Temperatures in Portland hit 99 degrees on Sunday, reminding Oregonians that, with climate change, they cannot rely upon the state’s famously cool summer temperatures to hold steady.
As the summer progresses, Oregonians will need to be prepared for heat waves and take action to protect their health. The heat dome of 2021 hit Oregon hard when nearly 100 people died during triple-digit heat, primarily in the Portland region. Many who died were older adults who lived alone without air-conditioning.
Here are resources for Oregonians to contact for heat-related needs:
Health Plans Offer Free Air Conditioners Or Fans
Many Oregon health plans provide resources such as fans and air conditioners to prevent heat-related illness.
Health Share of Oregon, a coordinated care organization, has resources available for people who need a fan, air conditioner, air purifier or other health-related items for future heat waves.
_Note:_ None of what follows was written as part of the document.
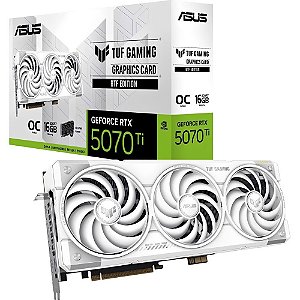 Placa de Vídeo ASUS TUF Gaming GeForce RTX 5070 Ti BTF White OC Edition 16GB GDDR7 256 bits - TUF-RTX5070TI-O16G-BTF-WHITE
Members of the organization can call its customer service department at 503-416-8090 to learn more.
Other health plans also provide similar resources for members. Call the following numbers to find out more:
Kaiser Permanente: 503-721-6435
Oregon Health & Science University Health: 844-827-6572
Free Rides To Cooling Shelters For Health Share Members
Transportation is available for Health Share of Oregon members to reach cooling shelters. For information about rides, call Ride to Care: 855-321-4899.
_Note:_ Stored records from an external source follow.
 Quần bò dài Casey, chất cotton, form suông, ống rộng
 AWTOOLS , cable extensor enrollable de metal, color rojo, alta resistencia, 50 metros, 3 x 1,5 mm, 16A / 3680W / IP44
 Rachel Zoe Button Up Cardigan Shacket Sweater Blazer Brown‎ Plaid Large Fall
Air Conditioning Resources For Landlords
In response to the 2021 heat wave, Oregon lawmakers passed Senate Bill 1536 in the 2022 session. It provides $2 million to assist landlords with air conditioning costs in rental properties. The bill set up a grant program, which is administered by Energy Trust. For information about grants, go here.
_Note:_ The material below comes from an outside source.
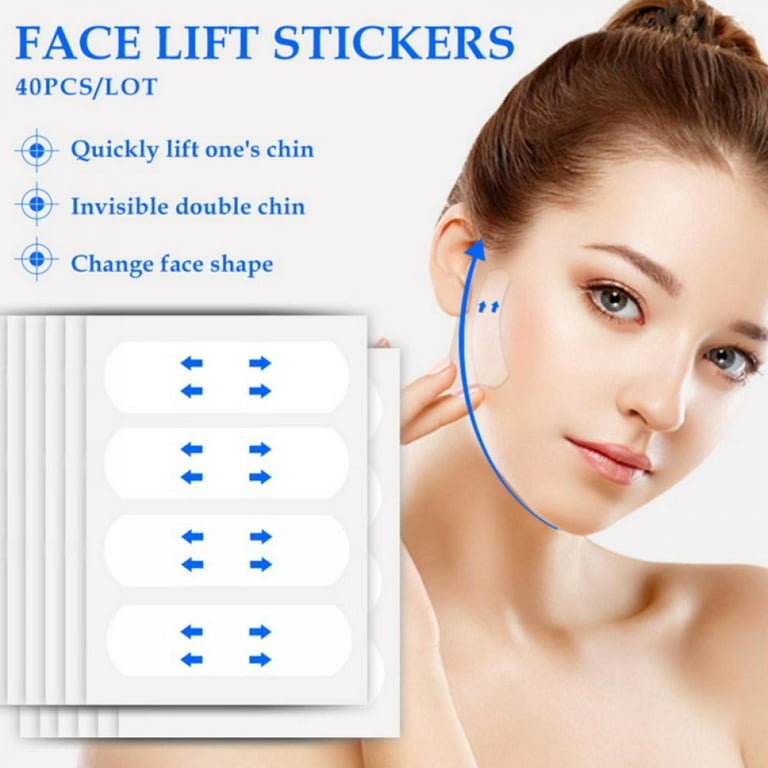 40 PCS Face Facial Line Wrinkle Sagging Skin Face Lift Up Fast Chin  Adhesive Tape Invisible V-Shape Thin Face Stickers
Resources For Schools, Tribes And Governments
Separately, lawmakers appropriated $5 million in grant funds and equipment to support cleaner air spaces for emergency purposes, such as when wildfire smoke makes breathing difficult. Public schools, tribes and local government agencies can apply. For more information, go here.
That program also has $2 million in grants available to support cooling, warming and cleaner air spaces for when extreme weather or wildfire creates unhealthy conditions for people.
Grant dollars can go toward the costs of setting up initial programs, the purchase, installation and upgrading of equipment and the set up or improvement of warming, cooling and cleaner air spaces.